§ **Dataset records**:

================================

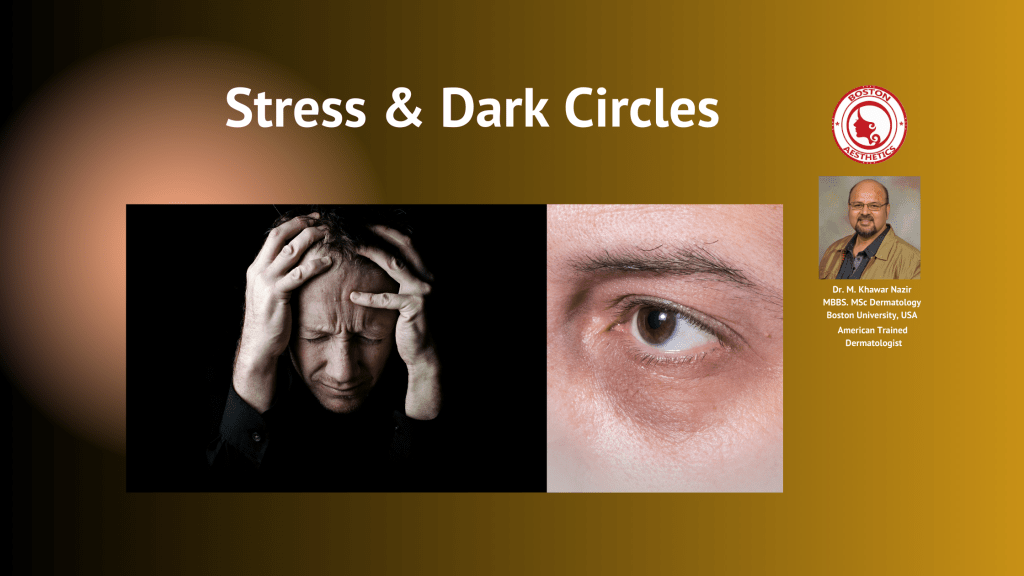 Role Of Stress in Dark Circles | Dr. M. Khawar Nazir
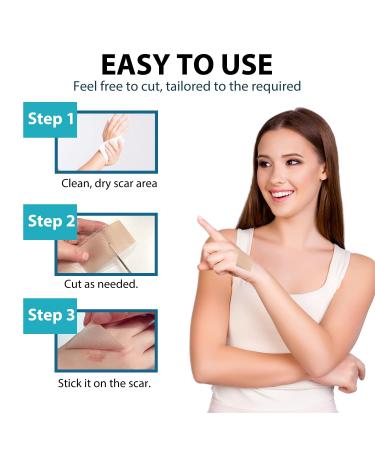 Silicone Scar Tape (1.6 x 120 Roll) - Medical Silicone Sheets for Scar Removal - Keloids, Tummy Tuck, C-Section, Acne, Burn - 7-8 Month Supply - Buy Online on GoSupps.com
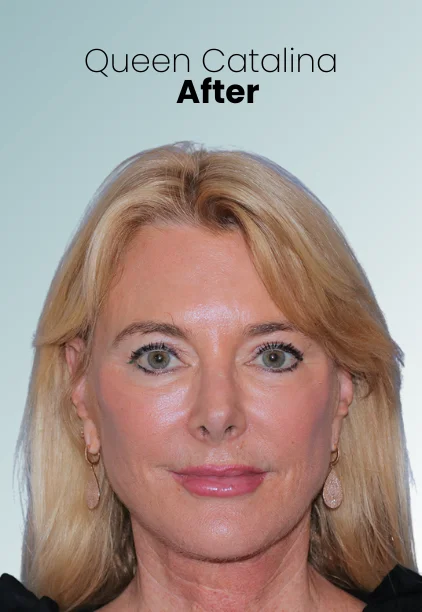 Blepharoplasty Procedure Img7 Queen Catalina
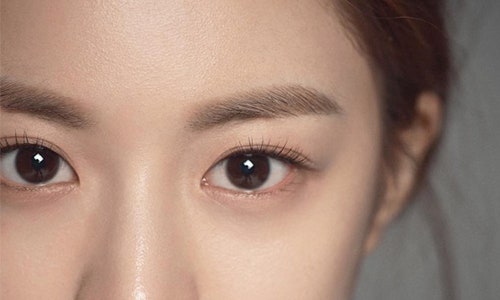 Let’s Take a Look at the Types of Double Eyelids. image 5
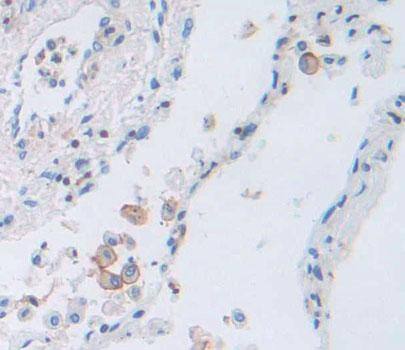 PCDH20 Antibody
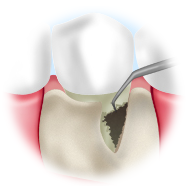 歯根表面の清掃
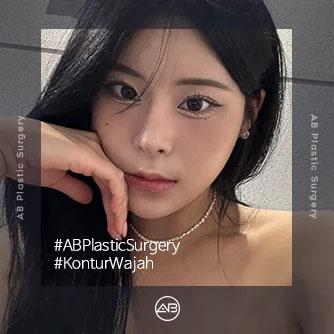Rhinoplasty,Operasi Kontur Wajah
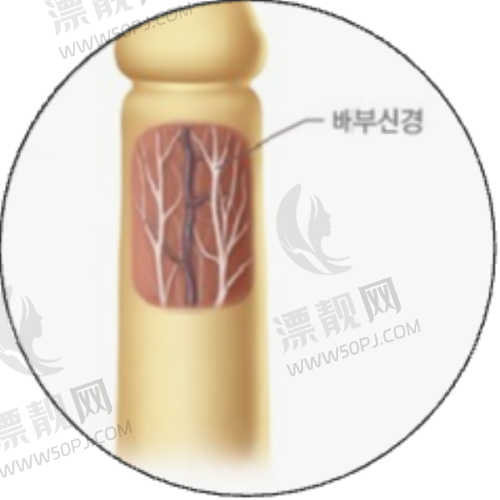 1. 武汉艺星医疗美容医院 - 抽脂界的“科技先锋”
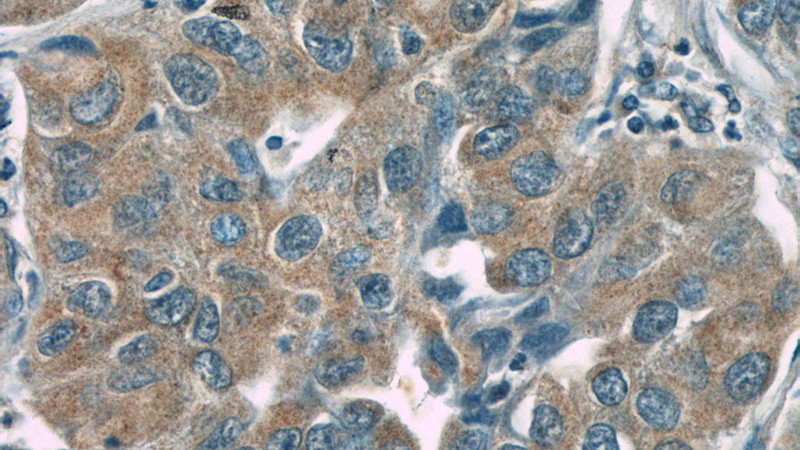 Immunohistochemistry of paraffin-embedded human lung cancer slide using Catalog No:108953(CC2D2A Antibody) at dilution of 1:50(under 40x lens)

================================

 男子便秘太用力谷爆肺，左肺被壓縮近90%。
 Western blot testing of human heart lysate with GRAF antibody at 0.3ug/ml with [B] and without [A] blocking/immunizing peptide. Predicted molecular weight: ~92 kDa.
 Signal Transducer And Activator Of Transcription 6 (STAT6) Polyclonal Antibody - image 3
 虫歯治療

================================

§ **Your objective**: Look above for the line holding "Blepharoplasty Procedure Img7 Queen Catalina" and output everything from it down to the line holding "Immunohistochemistry of paraffin-embedded", both ends included, exactly and without images.

§ **Your solution**:
 Blepharoplasty Procedure Img7 Queen Catalina
 Let’s Take a Look at the Types of Double Eyelids. image 5
 PCDH20 Antibody
 歯根表面の清掃
Rhinoplasty,Operasi Kontur Wajah
 1. 武汉艺星医疗美容医院 - 抽脂界的“科技先锋”
 Immunohistochemistry of paraffin-embedded human lung cancer slide using Catalog No:108953(CC2D2A Antibody) at dilution of 1:50(under 40x lens)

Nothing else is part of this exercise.